Why You Could Have Celiac Disease Without Knowing It

By Brian Ciampa, MD

Celiac disease is an autoimmune disorder affecting at least three million Americans, but it can be a difficult illness to pin down without proper testing.  The latest studies now estimate that 83% of people with celiac disease are going undiagnosed or misdiagnosed.   Here’s why:

In general, celiac disease causes damage in the small intestine when gluten - a protein found in wheat, rye, oats and barley – is consumed.   The most common symptoms include abdominal pain, diarrhea, bloating, and lactose intolerance.  But many other patients experience more vague symptoms such as vitamin and nutrient deficiencies, anemia and weight loss.  Unfortunately, these symptoms mirror several other illnesses. 
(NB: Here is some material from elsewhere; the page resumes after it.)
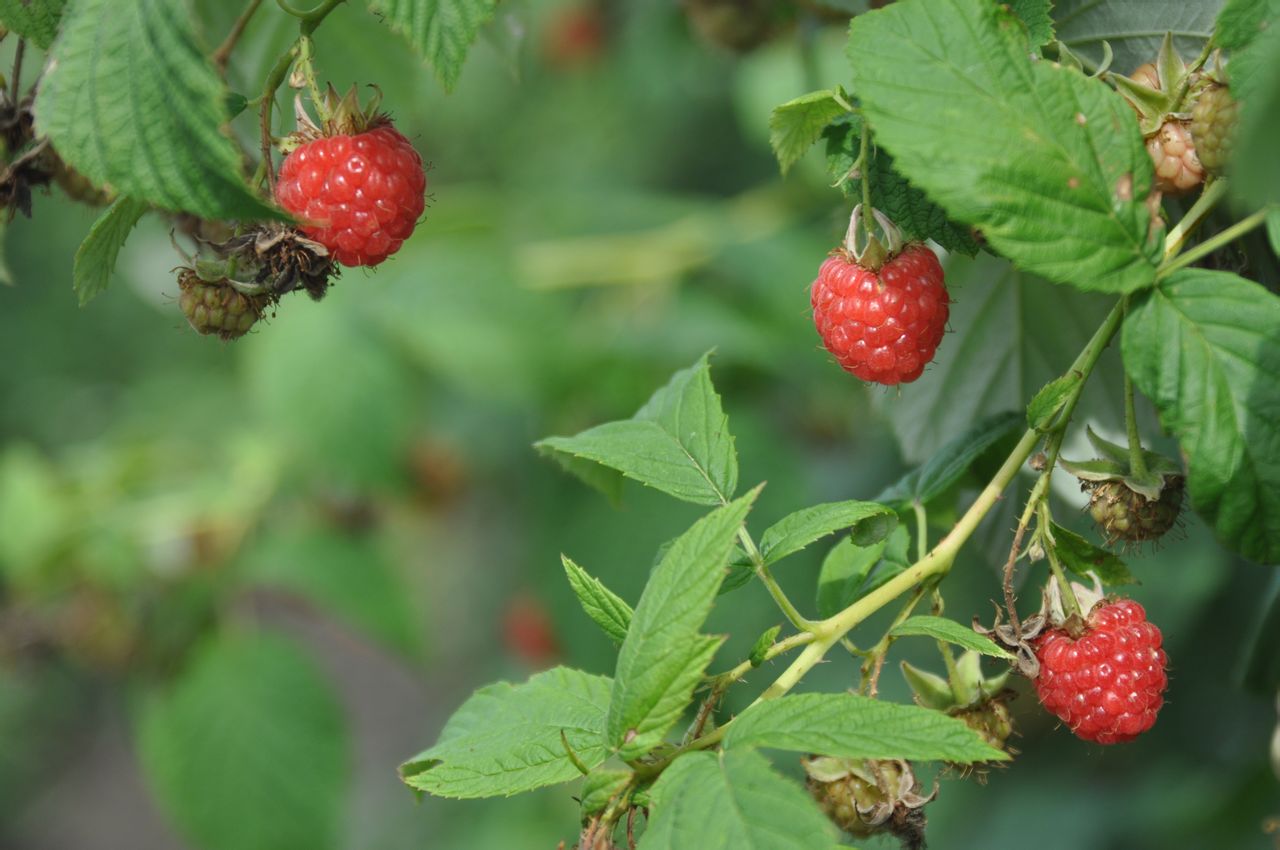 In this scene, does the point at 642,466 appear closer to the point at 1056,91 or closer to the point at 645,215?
the point at 1056,91

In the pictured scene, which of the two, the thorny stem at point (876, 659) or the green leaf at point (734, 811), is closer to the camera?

Very often patients who are eventually found to have celiac disease are initially mislabeled with Irritable Bowel Syndrome (IBS) or have not had proper testing when their symptoms were discussed with a health care practitioner.  What’s more, once their symptoms become chronic, some patients tend to stop seeking care and just live with the pain and discomfort.  Ironically, in most cases, following a gluten-free diet would heal their existing intestinal damage and stop most of their symptoms within weeks.
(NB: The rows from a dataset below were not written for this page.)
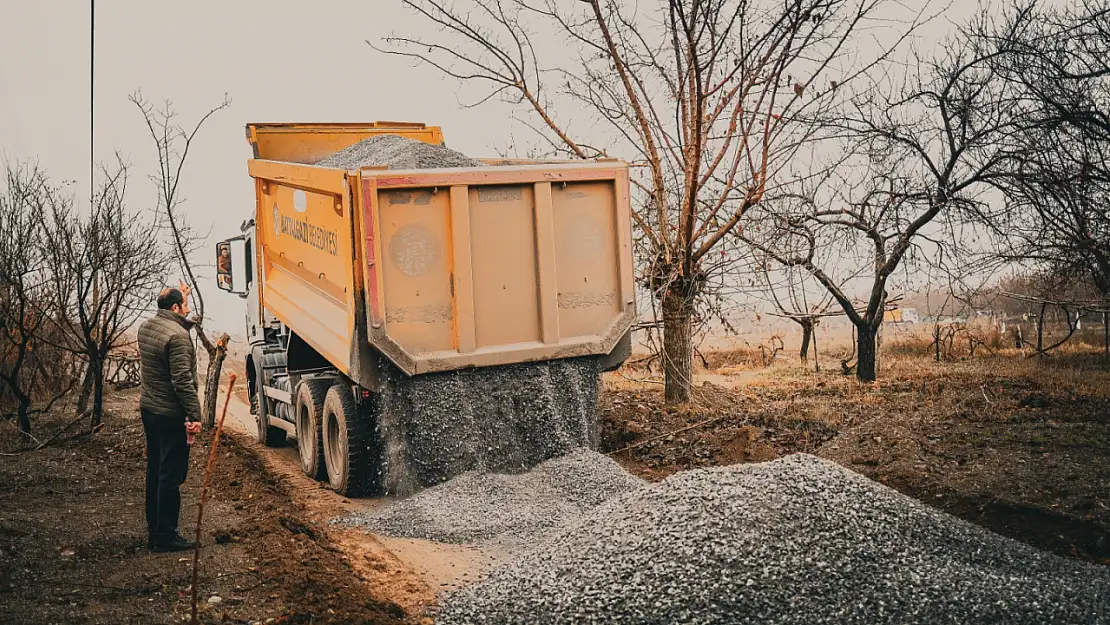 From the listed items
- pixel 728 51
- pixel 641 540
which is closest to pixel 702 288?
pixel 728 51

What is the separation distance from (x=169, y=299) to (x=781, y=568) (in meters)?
4.49

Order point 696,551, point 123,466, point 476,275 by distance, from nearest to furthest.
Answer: point 696,551
point 476,275
point 123,466

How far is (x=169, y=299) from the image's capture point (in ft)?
24.2

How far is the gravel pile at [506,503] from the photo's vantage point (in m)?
7.38

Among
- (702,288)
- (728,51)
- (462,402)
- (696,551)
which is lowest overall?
(696,551)

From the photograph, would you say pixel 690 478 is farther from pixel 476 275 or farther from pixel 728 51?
pixel 728 51

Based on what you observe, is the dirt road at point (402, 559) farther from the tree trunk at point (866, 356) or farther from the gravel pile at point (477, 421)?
the tree trunk at point (866, 356)

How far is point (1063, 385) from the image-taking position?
12.3 metres

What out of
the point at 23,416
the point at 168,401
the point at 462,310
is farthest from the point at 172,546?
the point at 23,416

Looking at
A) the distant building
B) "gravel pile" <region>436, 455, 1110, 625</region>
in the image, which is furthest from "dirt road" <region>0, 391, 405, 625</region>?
the distant building

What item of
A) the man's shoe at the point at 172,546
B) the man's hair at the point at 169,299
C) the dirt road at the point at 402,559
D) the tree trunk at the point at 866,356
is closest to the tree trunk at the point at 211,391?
the dirt road at the point at 402,559

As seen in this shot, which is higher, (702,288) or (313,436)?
(702,288)

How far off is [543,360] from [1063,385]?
277 inches

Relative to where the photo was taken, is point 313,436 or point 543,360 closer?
point 543,360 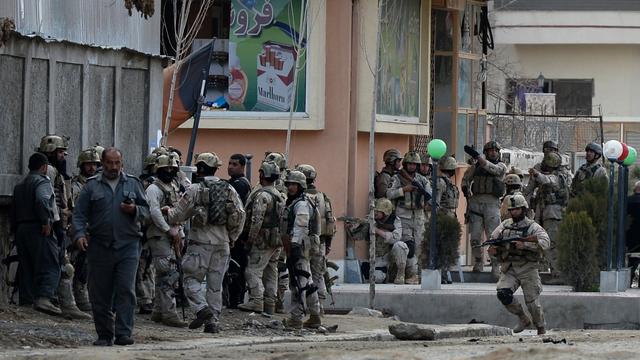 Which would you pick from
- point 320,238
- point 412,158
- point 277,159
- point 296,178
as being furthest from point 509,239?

Seeing a specialist or highly-trained health care provider is the key to a proper diagnosis.  It’s always crucial to let your practitioner know your symptoms and what triggered your symptoms.  After that, your doctor will want to run some tests to find out what is causing the problem.  Fortunately, there are several tests available although all may not be necessary:

  • Blood test
  • Endoscopy
  • Gluten challenge
  • Genetic testing
  • Biopsy

Of course, if you’re found to have celiac disease the best way to manage it is to avoid gluten.  Reading the list of ingredients on all the foods you consume is a must.  In addition to painful symptoms, continued exposure to gluten can also lead to serious complications - including lymphoma and gastrointestinal cancers. Lifelong avoidance of gluten is also important to prevent complications like nutrient deficiencies.  There are also countless hidden sources of gluten, which can make strict adherence to a gluten-free lifestyle difficult.  So, it is crucial for people with celiac disease to work closely with a knowledgeable dietitian who can help to eliminate gluten from the diet. 
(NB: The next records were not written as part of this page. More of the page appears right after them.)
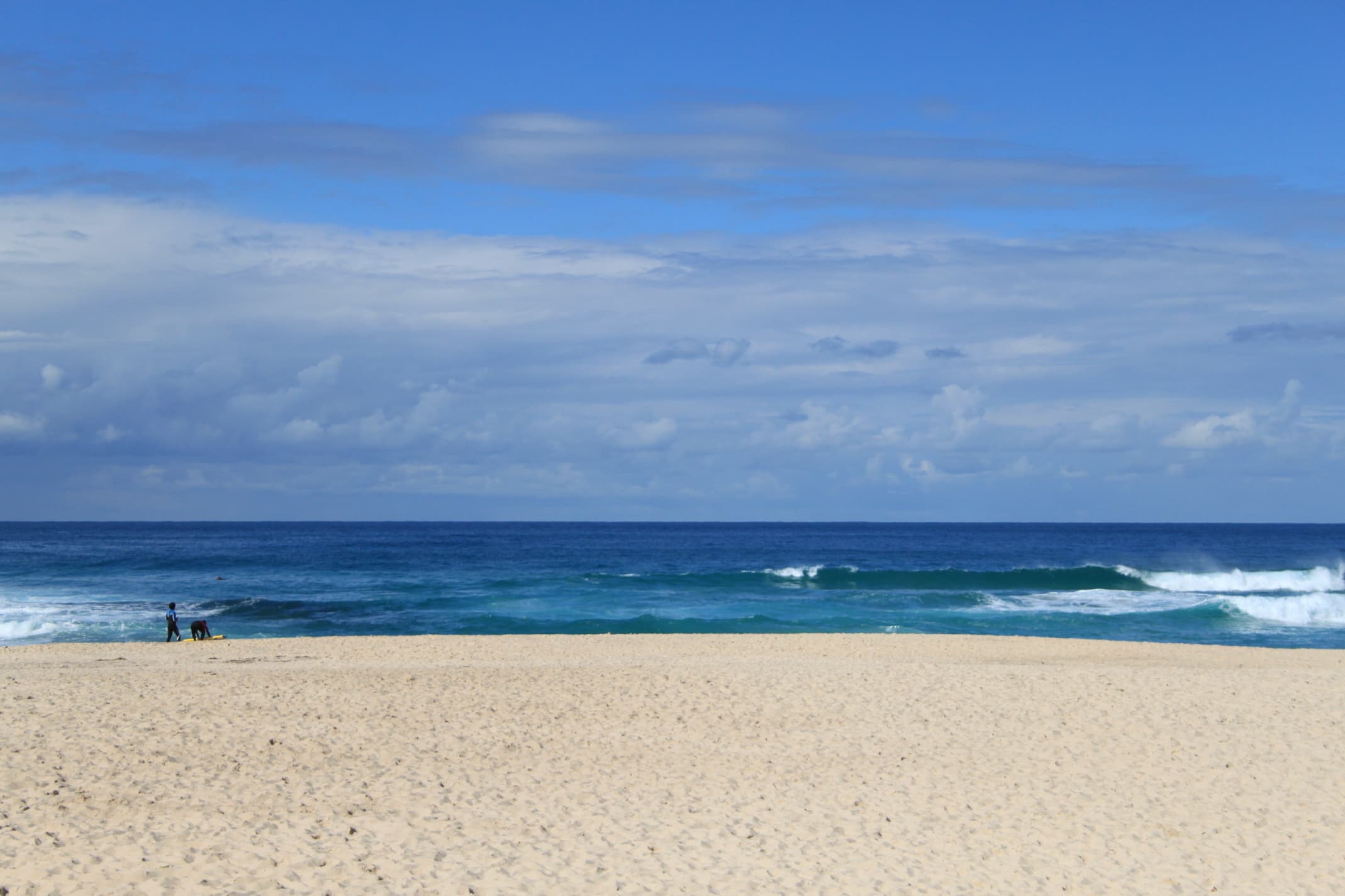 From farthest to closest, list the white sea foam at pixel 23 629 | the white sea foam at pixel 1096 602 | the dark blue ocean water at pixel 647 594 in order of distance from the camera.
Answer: the white sea foam at pixel 1096 602 → the dark blue ocean water at pixel 647 594 → the white sea foam at pixel 23 629

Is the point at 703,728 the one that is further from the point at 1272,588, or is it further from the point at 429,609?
the point at 1272,588

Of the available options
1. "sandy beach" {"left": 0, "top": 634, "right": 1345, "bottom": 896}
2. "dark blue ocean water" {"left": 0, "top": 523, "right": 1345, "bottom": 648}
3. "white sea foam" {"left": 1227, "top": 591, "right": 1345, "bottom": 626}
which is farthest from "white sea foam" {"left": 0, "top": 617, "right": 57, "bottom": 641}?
"white sea foam" {"left": 1227, "top": 591, "right": 1345, "bottom": 626}

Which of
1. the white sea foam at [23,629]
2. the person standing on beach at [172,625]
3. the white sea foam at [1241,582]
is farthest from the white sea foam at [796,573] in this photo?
the white sea foam at [23,629]

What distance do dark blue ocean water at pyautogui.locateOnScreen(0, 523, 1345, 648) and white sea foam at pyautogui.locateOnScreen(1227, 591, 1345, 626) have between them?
4.1 inches

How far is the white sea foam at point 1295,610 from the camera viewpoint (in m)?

The good news is that increasing varieties of new products on the market are completely gluten-free.  In addition, multiple restaurants these days offer gluten-free choices.  Food manufacturers are creating more gluten-free possibilities, while people who have been living with celiac disease for several years are sharing recipes and experiences online.  More and more gluten-free options are being made available every day, which makes it easier for people with celiac disease to live fuller lives.